Die Quelle des Schießbefehls ist aus Expertensicht nur schwer zu ermitteln. "Bei dem Dokument handelt es sich um ein äußerst banales Schriftstück ohne die typischen Briefköpfe, die uns sonst zumindest die Stasi-Abteilung in Berlin verraten haben", sagte der Leiter der Magdeburger Außenstelle der Stasi-Unterlagenbehörde, Jörg Stoye. Das Dokument sei nur mit den Worten "An die Einsatzkompanie" überschrieben. Daher sei aus dem Papier keinerlei Hierarchie erkennbar.

Zudem habe die Stasi auch zahlreiche Dokumente vernichten können. Das schlicht gehaltene Dokument zeige, wie alltäglich mit solchen Anweisungen in der DDR umgegangen wurde, sagte Stoye. So reihe sich dieser Schießbefehl in eine lange Reihe von Anweisungen ein, die das Ziel verfolgten, das Weglaufen der DDR-Bevölkerung mit allen Mitteln zu verhindern. Ob sich daher bestimmte Grenztote direkt auf diesen Befehl zurückführen lassen, sei unklar, zumal auch die genauen Einsatzorte der benannten Spezialeinheit in solchen Dokumenten nicht festgehalten wurden. "Es sind an der Regimegrenze auch Frauen und Kinder durch 'normale' Befehle gestorben." Die Recherche solcher Zusammenhänge sei daher auch Auftrag freier Historiker und von Forschungsinstituten.

Leugner widerlegt

Die frühere DDR-Bürgerrechtlerin Birthler betonte die Bedeutung des Dokuments für die weitere Forschung. "Das Dokument ist deswegen so wichtig, weil der Schießbefehl von den damals politisch Verantwortlichen nach wie vor bestritten wird", sagte sie der "Frankfurter Allgemeinen Sonntagszeitung".

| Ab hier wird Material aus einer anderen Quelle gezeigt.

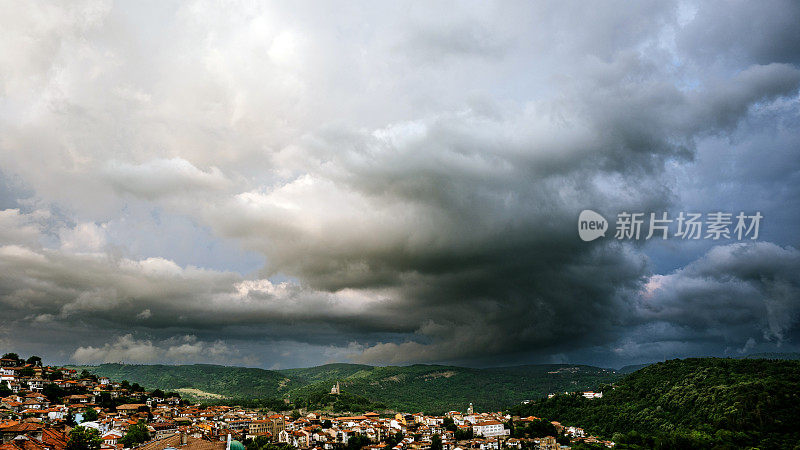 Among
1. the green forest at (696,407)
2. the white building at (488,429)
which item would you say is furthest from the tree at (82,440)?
the green forest at (696,407)

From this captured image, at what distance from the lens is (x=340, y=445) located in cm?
7719

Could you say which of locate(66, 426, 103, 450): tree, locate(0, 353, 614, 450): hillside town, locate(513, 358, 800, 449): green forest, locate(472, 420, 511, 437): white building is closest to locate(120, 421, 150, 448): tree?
locate(0, 353, 614, 450): hillside town

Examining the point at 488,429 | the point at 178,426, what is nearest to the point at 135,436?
the point at 178,426

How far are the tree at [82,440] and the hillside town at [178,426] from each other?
10 cm

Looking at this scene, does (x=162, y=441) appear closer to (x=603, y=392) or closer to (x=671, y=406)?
(x=671, y=406)

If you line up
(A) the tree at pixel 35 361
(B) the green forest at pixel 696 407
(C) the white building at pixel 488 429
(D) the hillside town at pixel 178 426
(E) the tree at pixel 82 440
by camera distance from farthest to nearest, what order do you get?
(A) the tree at pixel 35 361 < (C) the white building at pixel 488 429 < (B) the green forest at pixel 696 407 < (D) the hillside town at pixel 178 426 < (E) the tree at pixel 82 440

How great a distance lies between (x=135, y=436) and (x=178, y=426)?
12039 mm

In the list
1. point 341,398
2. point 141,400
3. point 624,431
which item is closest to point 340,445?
point 141,400

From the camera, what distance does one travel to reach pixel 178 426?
235 ft

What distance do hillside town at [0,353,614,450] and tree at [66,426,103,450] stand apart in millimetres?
101

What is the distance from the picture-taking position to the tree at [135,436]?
5938 centimetres

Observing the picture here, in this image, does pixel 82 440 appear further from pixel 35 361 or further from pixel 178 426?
pixel 35 361

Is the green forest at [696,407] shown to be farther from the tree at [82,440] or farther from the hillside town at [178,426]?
the tree at [82,440]

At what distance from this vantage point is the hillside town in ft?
190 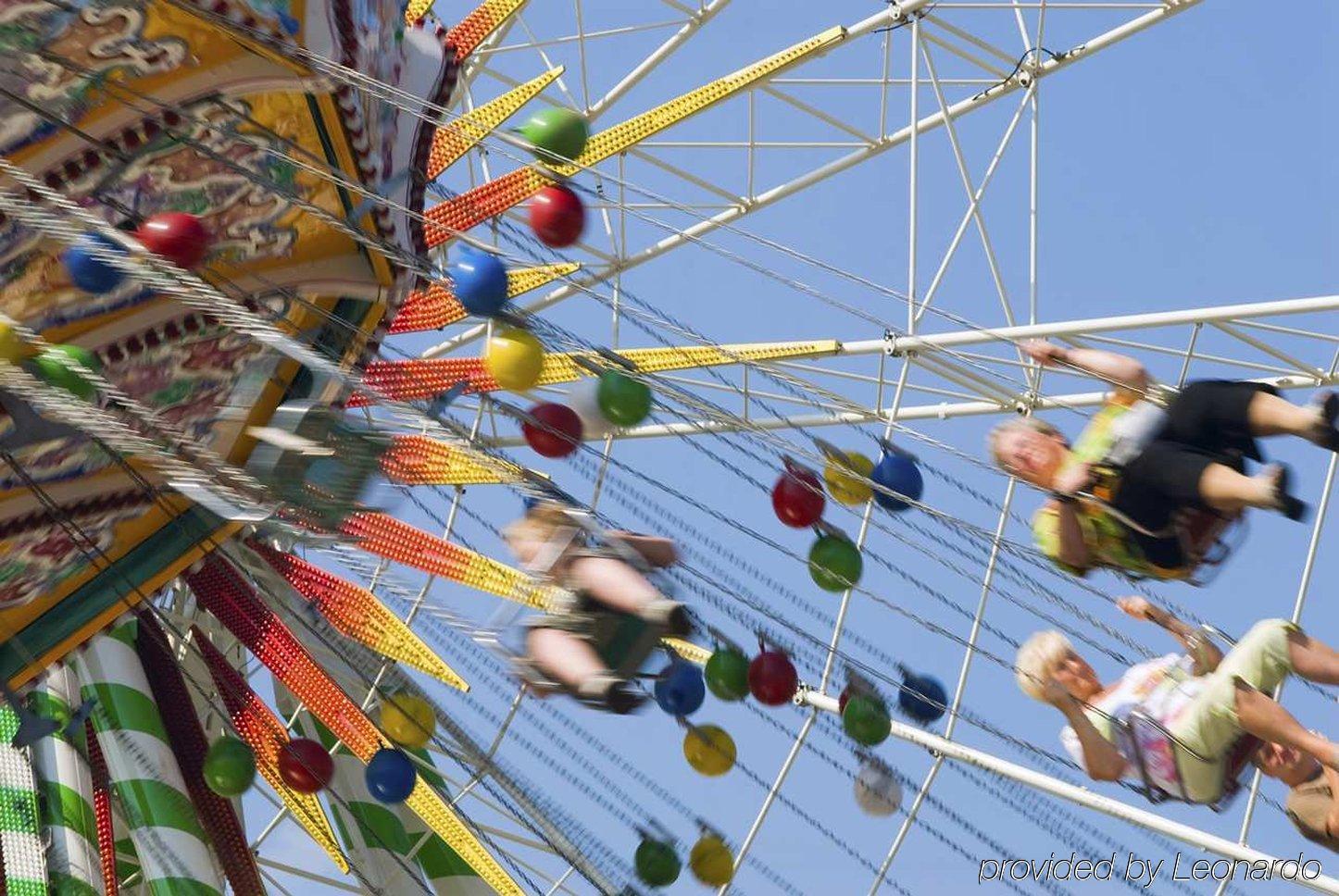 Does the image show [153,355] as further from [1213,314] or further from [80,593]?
[1213,314]

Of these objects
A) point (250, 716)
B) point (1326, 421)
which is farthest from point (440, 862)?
point (1326, 421)

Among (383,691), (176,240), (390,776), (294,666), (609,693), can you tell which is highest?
(176,240)

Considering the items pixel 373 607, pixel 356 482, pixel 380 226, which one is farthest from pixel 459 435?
pixel 373 607

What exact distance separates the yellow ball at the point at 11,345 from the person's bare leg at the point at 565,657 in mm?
1830

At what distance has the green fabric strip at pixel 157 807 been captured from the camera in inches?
372

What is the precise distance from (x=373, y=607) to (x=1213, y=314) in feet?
13.8

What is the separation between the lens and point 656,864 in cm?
780

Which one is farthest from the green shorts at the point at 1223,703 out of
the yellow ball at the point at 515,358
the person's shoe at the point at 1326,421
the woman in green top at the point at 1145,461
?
the yellow ball at the point at 515,358

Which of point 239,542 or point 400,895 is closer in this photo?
point 239,542

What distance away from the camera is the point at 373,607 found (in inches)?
392

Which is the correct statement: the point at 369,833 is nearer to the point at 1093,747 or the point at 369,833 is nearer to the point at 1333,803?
the point at 1093,747

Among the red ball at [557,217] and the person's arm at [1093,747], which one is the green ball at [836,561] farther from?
the red ball at [557,217]

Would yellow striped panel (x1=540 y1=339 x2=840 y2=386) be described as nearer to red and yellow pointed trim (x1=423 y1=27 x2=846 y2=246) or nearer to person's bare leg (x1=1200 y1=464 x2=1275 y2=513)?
red and yellow pointed trim (x1=423 y1=27 x2=846 y2=246)

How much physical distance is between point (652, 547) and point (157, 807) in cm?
374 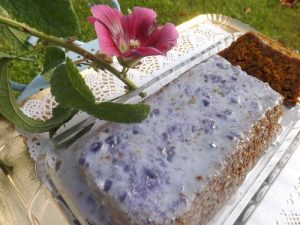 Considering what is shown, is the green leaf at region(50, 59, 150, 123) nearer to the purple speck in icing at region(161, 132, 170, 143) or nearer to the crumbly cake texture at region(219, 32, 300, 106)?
the purple speck in icing at region(161, 132, 170, 143)

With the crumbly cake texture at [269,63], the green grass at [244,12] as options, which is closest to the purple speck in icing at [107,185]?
the crumbly cake texture at [269,63]

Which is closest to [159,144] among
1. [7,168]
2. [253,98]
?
[253,98]

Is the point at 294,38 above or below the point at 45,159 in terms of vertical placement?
below

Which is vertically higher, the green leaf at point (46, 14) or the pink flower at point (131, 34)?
the green leaf at point (46, 14)

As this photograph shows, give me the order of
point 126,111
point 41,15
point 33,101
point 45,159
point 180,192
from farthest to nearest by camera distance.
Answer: point 33,101 < point 45,159 < point 180,192 < point 126,111 < point 41,15

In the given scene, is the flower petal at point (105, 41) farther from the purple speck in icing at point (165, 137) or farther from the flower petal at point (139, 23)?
Answer: the purple speck in icing at point (165, 137)

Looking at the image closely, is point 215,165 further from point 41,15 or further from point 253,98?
point 41,15

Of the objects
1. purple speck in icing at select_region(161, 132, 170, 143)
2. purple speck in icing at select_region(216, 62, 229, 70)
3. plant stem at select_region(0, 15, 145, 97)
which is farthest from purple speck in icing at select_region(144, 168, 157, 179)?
purple speck in icing at select_region(216, 62, 229, 70) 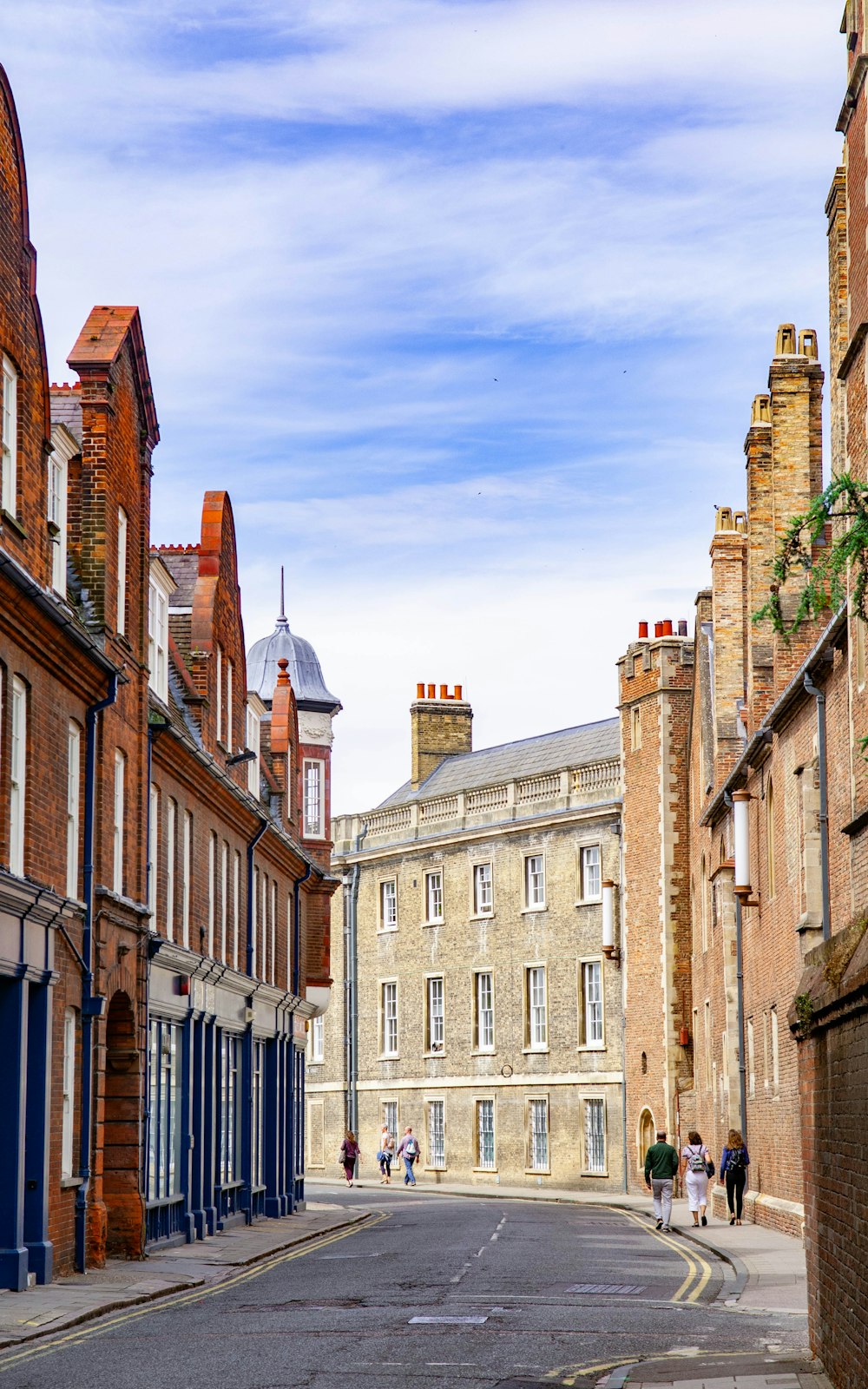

Birthlers Sprecher Andreas Schulze bestätigte einen Bericht der Zeitung "Die Welt", wonach der Wortlaut des Befehls bereits in einem Sammelband vor zehn Jahren in Teilen veröffentlicht wurde. Das darin gezeigte Dokument stamme aber aus dem Jahr 1974, das nun veröffentlichte sei ein Jahr älter. Der Befehl sei an jedes Mitglied der Sondereinheit ergangen, der ihn unterschreiben musste. Daher gebe es wahrscheinlich eine Reihe von Dokumenten desselben Inhalts.

"Dieses (1997 veröffentlichte) Dokument war uns gestern nicht präsent, aber offenbar den allermeisten Experten und Medien auch nicht bekannt." Es sei zwar nicht unwichtig, dass es schon veröffentlicht war. "Aber das nimmt dem neuen Dokument nichts von seinem inhaltlichen Gehalt und seiner Aussagekraft."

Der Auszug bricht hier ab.